■ Problem to work on: Copy only the lines from the one containing "U.S. POLO ASSN." through the final line of the records below, exactly as written, with no pictures.
───── Information given ─────
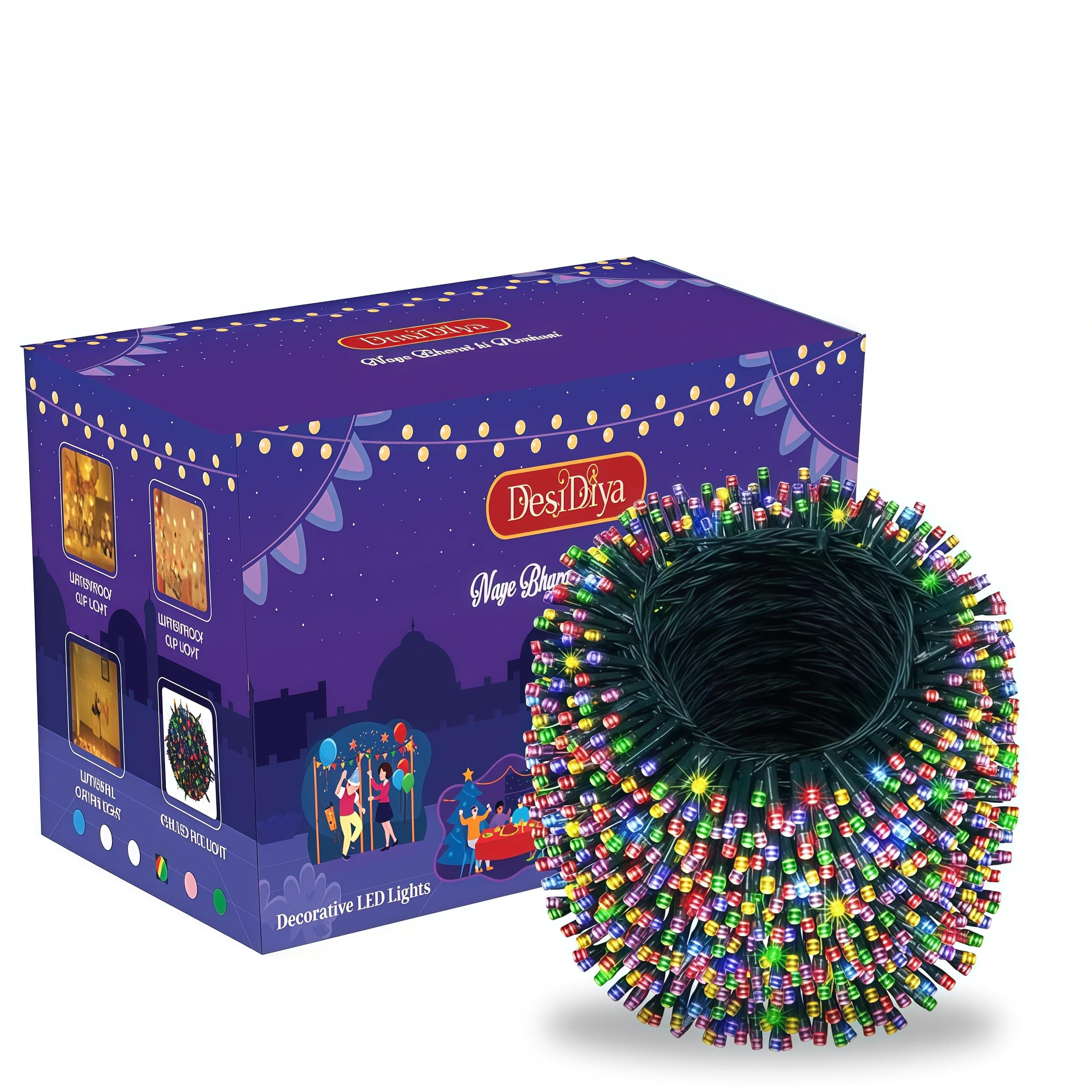 Desidiya Led String Serial Light 45 Mtr with 8 Modes Changing Controller. Waterproof & Flexible Copper Led Serial String Lights,Home Decoration (Multicolor) Pack of 1, 45 Meters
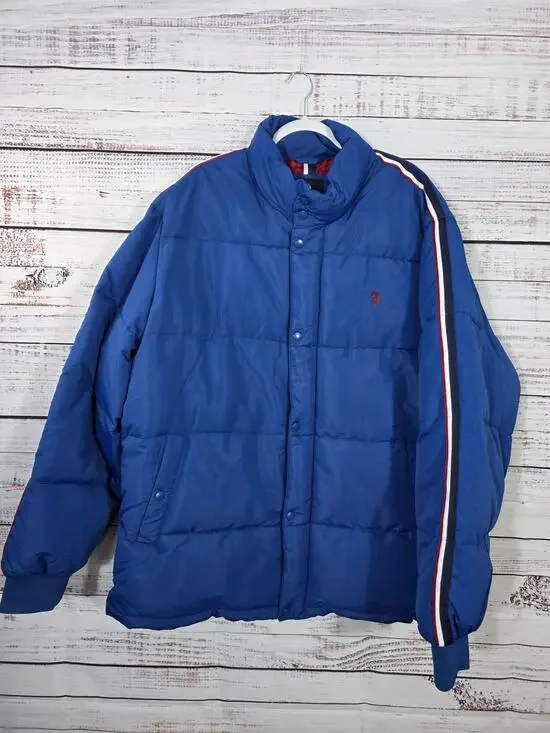 U.S. POLO ASSN. Men's Stripe Puffer jacket men's 3XL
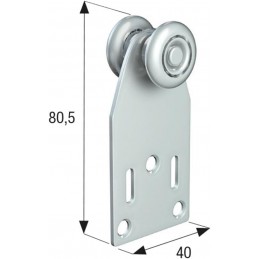Sliding Pulleys with 2 Bearings - Galvanized Iron for Tarps and Canopies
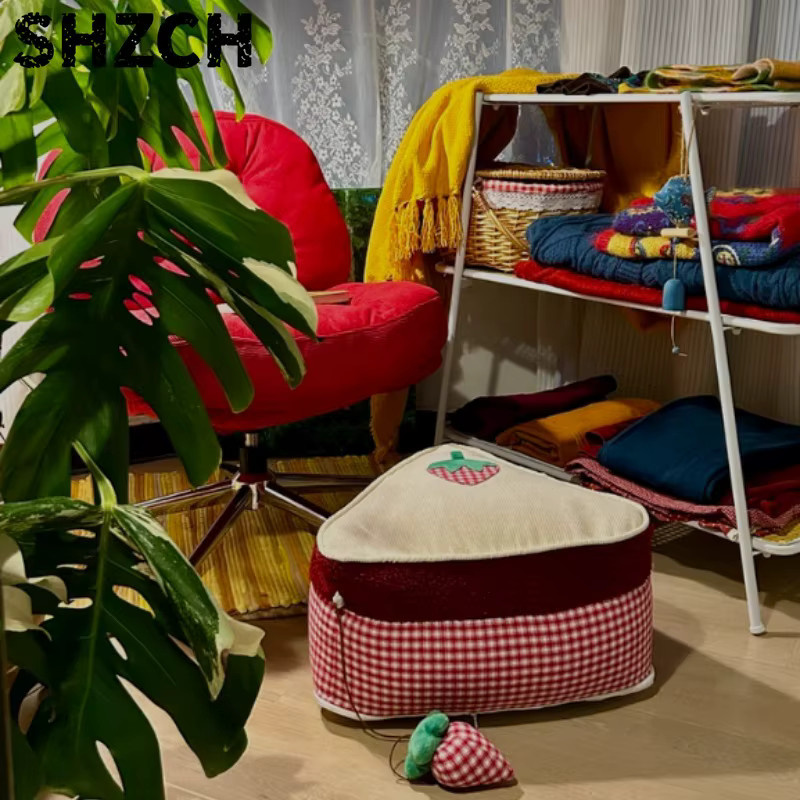 YTYIN Bauhaus Loungesessel in Rot, drehbarer und höhenverstellbarer Polstersessel mit Armlehnen für das Wohnzimmer - Bild 3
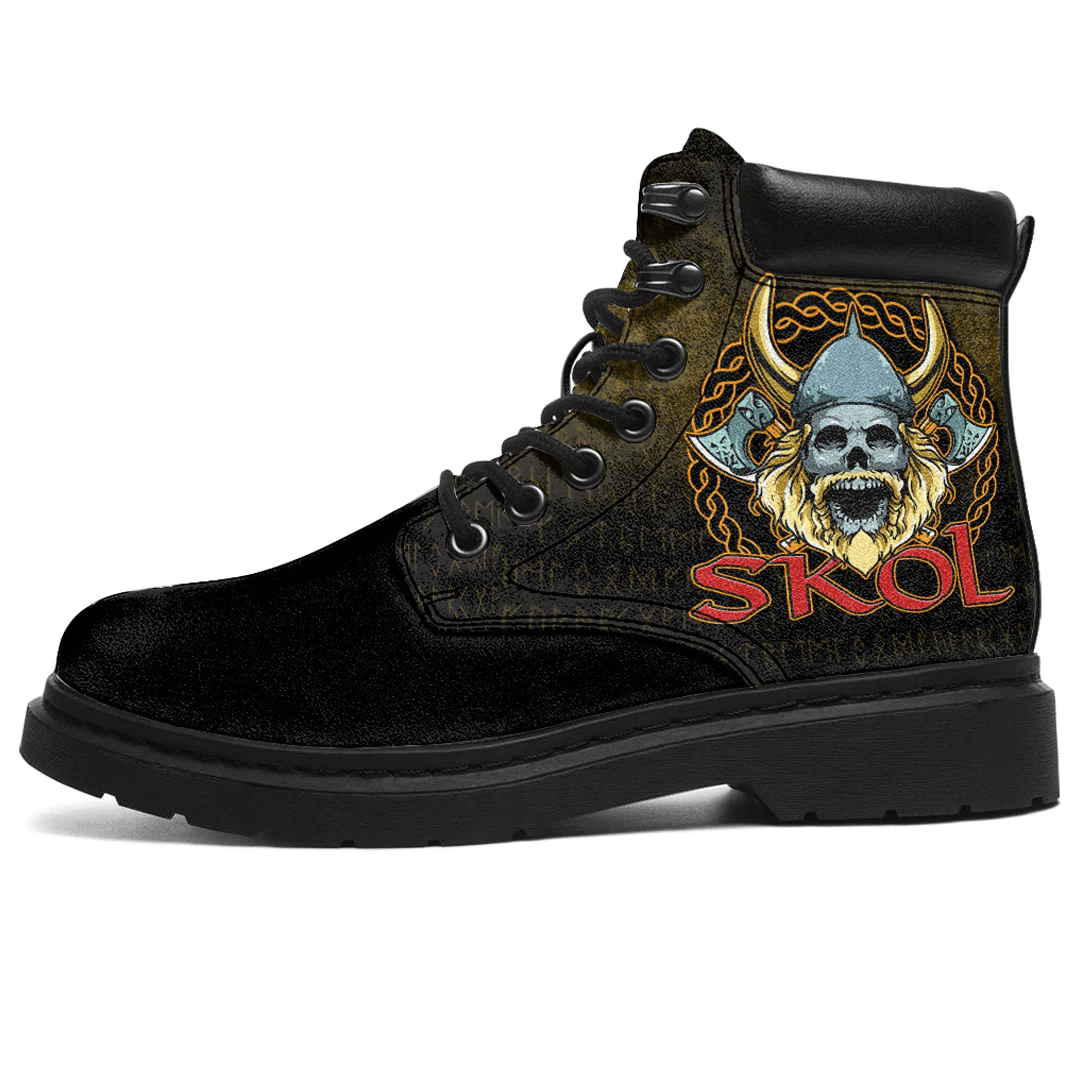 Boots Viking Skol Beer Drinking Norse Mythology Warrior All Season Boots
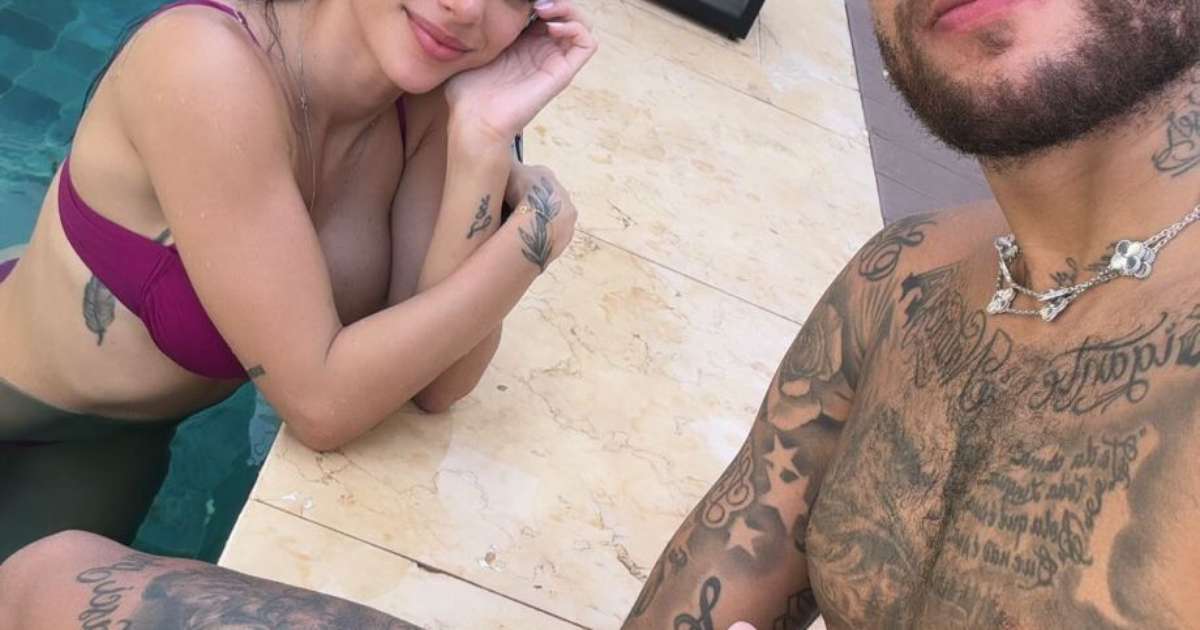 Neymar Jr. posta clique raro com Bruna Biancardi e encanta com nova foto de Mavie em Dubai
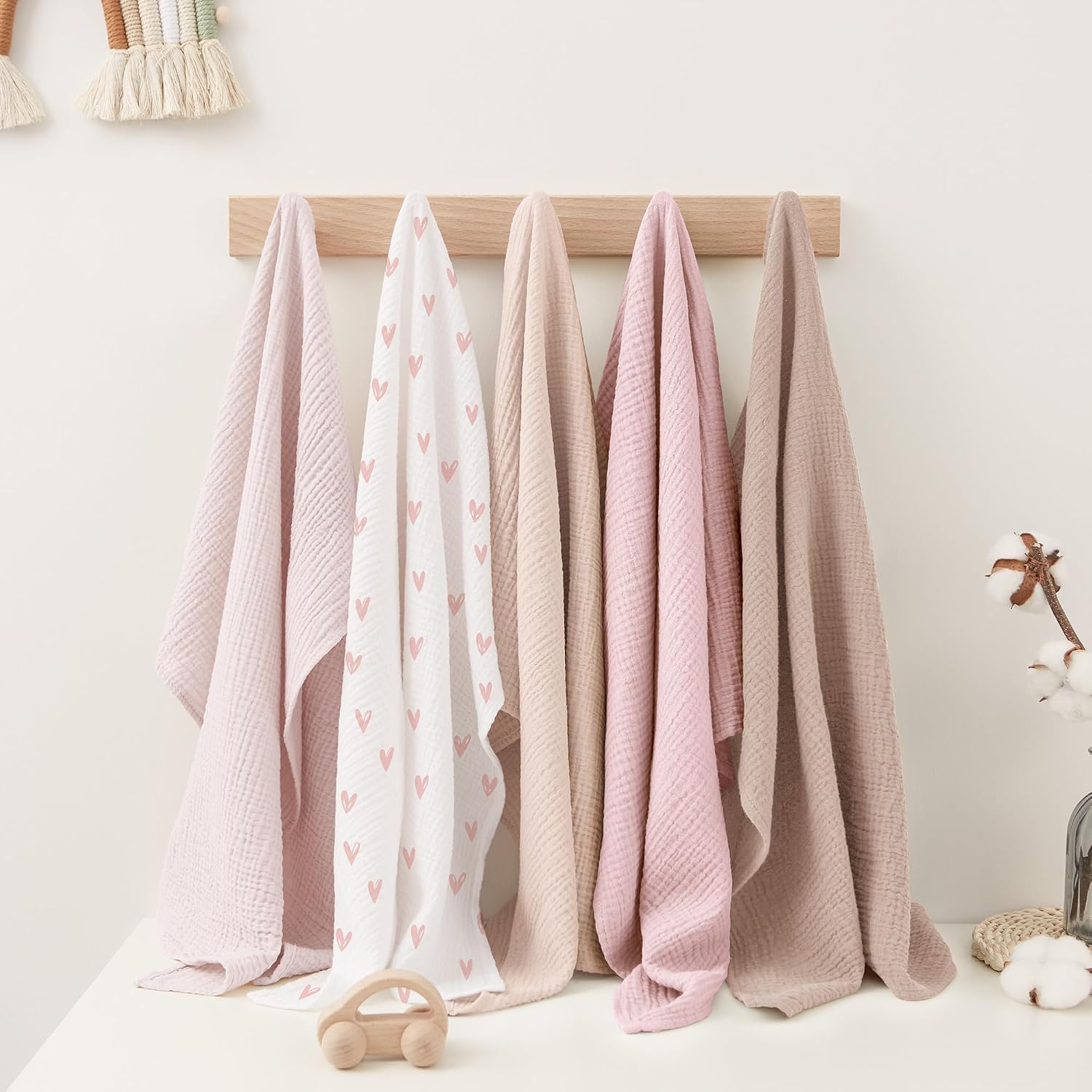 Thumbnail 5 de Susurration Muslin Cloths 60 x 60 cm 8 Pack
─────
■ Response area:
 U.S. POLO ASSN. Men's Stripe Puffer jacket men's 3XL
Sliding Pulleys with 2 Bearings - Galvanized Iron for Tarps and Canopies
 YTYIN Bauhaus Loungesessel in Rot, drehbarer und höhenverstellbarer Polstersessel mit Armlehnen für das Wohnzimmer - Bild 3
 Boots Viking Skol Beer Drinking Norse Mythology Warrior All Season Boots
 Neymar Jr. posta clique raro com Bruna Biancardi e encanta com nova foto de Mavie em Dubai
 Thumbnail 5 de Susurration Muslin Cloths 60 x 60 cm 8 Pack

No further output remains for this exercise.